== Record excerpts ==
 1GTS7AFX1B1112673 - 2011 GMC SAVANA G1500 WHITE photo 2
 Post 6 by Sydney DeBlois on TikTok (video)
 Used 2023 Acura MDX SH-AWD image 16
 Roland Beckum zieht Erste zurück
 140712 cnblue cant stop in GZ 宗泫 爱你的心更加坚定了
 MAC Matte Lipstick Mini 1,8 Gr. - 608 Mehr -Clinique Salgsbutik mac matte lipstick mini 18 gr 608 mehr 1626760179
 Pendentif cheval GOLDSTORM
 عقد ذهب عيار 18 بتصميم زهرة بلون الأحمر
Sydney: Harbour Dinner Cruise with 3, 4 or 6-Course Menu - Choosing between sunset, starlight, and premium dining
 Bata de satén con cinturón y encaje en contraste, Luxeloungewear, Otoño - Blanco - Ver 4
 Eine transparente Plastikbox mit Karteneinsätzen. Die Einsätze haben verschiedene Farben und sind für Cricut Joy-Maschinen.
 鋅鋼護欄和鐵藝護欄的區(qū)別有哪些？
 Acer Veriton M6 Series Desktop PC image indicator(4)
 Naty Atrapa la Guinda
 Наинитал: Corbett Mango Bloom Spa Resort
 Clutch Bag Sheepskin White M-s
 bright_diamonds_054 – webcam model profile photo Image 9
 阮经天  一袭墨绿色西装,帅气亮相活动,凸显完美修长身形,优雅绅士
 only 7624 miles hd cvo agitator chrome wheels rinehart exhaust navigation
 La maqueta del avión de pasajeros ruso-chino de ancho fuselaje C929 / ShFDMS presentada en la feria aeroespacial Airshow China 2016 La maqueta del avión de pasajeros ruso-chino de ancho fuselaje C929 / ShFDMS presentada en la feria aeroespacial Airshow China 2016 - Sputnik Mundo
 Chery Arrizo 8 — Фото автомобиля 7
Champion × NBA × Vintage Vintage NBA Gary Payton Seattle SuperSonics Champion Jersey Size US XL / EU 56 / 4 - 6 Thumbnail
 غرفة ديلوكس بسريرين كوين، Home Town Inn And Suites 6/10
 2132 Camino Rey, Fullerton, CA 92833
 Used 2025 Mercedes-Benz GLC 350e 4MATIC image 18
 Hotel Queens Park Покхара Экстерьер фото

== What is needed ==
Provide every line from the material that contains the word "Used".

== Response box ==
 Used 2023 Acura MDX SH-AWD image 16
 Used 2025 Mercedes-Benz GLC 350e 4MATIC image 18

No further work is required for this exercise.